§ **ASSIGNMENT**
Give the lines below again, exactly as they stand, and leave out the images.

§ **EXERCISE DATA**
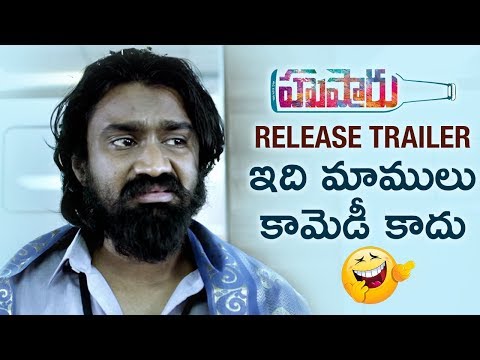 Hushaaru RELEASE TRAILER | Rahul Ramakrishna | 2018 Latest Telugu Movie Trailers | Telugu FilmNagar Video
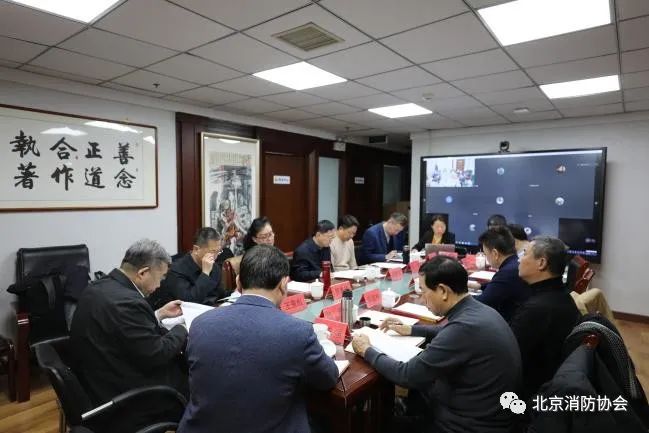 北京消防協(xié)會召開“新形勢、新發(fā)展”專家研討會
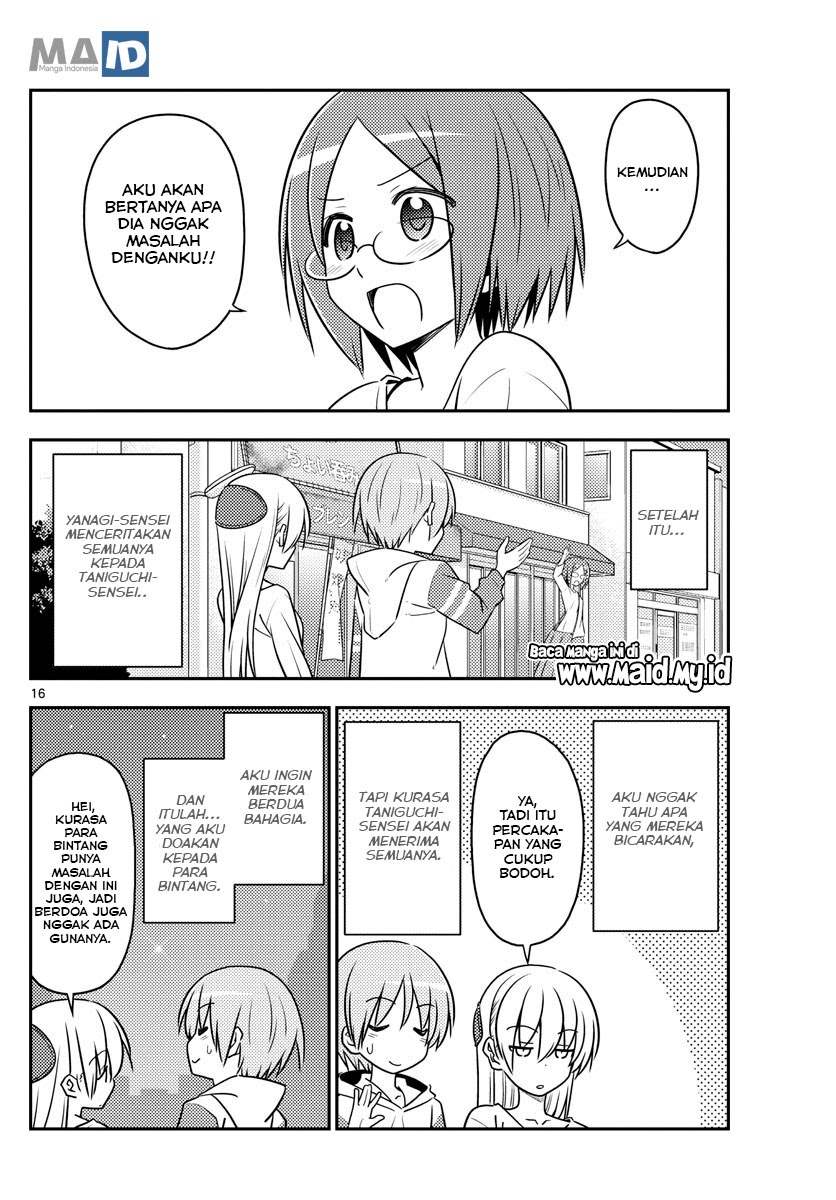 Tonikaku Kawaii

§ **RESULT FOR THIS EXERCISE**
 Hushaaru RELEASE TRAILER | Rahul Ramakrishna | 2018 Latest Telugu Movie Trailers | Telugu FilmNagar Video
 北京消防協(xié)會召開“新形勢、新發(fā)展”專家研討會
 Tonikaku Kawaii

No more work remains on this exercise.